Another thing to check is the swingarm chain slider, right under the front of the swingarm. The bottom part gets notched, and with the stock countershaft cover in place, you can't see this. If it gets too notched, then the chain starts sawing through the swingarm itself. Easy to see with the plastic countershaft cover removed. I have a Zeta Racing cover on mine, as sticks and debris got trapped in there and made a racket. Very snug fit so anything in there makes noise, and can't get out. I prefer the Zeta Racing one, as I can see the state of all of the important stuff at a glance, and all of the foreign matter just falls out the bottom.

 

There was a factory tech bulletin about this: See M2008-020, of 12/15/08. The gist of this is: With bike on sidestand, you should have about 8-13 mm clearance between the top of the chain on the lower run and the swingarm. The approximate measure point is roughly 165mm forward of the front bolt of the chain guide back by the sprocket. They tell you to use 36 lb of force to push up, but the goal is all of the slack removed for a good measurement.  I also suggest that you measure this several times for and rotate the wheel each time for a used chain, which often have tight and loose spots. When tightening chain, don't believe the factory marks. You can sight down the chain or use a laser and see if the wheel alignment is really straight. I then wrap a rag around the chain, put my foot on it and push down hard on the lower run of the chain while tightening up the axle nut. Otherwise, you torque off the adjuster blocks and the adjustment walks from where you had it set.

 

If the sprockets aren't obviously worn, and you can't pull the chain off the rear sprocket by a half tooth (exposed) plus there is little side play, then maybe your sprockets/chain are still usable. Maybe not. 

 

I have a Yamalink and 13/47 sprockets on mine, and run it on the snug side (about 8mm, measured roughly just behind the boss for the linkage on the bottom of the swingarm: see the bulletin, it has a picture). I also suggest that you measure this several times and rotate the wheel each time for a used chain. Due to my mostly-dirt-only use of my WRR, the stock chain had completely had it by 5K miles, and was replaced with an x-ring. (new sprockets as well, obviously)

 

Don't use an air wrench or impact driver on the countershaft nut, it will mess up the bearings.  Do it the hard way with a sprocket grabbing tool and a breaker bar.

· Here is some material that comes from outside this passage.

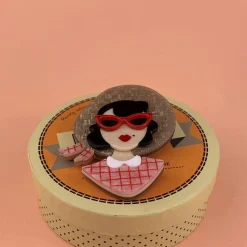 Erstwilder Picnic Portrait Brooch^ Brooches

The nut is staked in two places, but a breaker bar will iron that out while you remove the nut. I restaked the original nut and then used a paint stick to mark the shaft/nut relationship, so at a glance you can see if it is still tight. I use a paint stick and mark all critical fasteners so I can just do a walk around and see if they are where I left them. Beats the pre-ride socket routine anyday.

 

Last, I'd say it is time to pull and check the swingarm pivot and linkage bolts/bearings/seals. I pulled mine at about 4500 miles and found enough water had gotten in between the swingarm pivot bolt and the inner bearing races to cause it to (just about, but not quite) rust in place. The bearings and seals were OK, so I just cleaned up everything and regreased/reassembled and didn't need to replace anything. Beats letting it grow together and then need all new parts, and a sawzall/cutting torch to pull the bolt.